### Records supplied

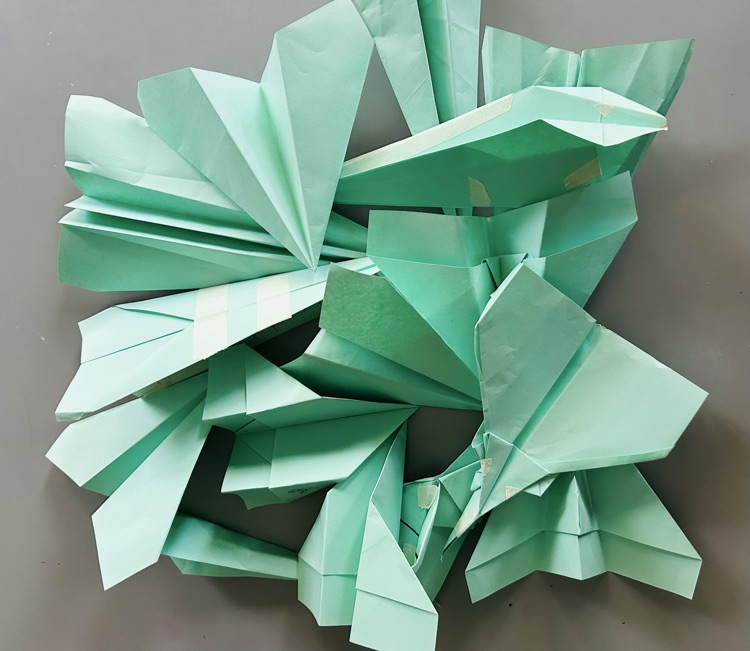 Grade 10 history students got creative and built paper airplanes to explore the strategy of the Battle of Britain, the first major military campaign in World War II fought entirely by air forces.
* * *
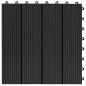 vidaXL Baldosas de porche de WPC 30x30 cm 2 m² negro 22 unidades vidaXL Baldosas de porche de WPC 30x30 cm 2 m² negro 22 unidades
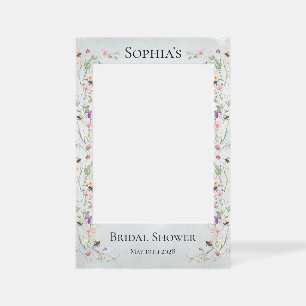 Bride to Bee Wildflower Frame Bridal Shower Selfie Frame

### Task directions
Only the lines above from the one with "22 unidades vidaXL" to the one with "Bride to Bee" should be printed, both included and exactly as written; no picture belongs in the copy.

### Output of the exercise
 vidaXL Baldosas de porche de WPC 30x30 cm 2 m² negro 22 unidades vidaXL Baldosas de porche de WPC 30x30 cm 2 m² negro 22 unidades
 Bride to Bee Wildflower Frame Bridal Shower Selfie Frame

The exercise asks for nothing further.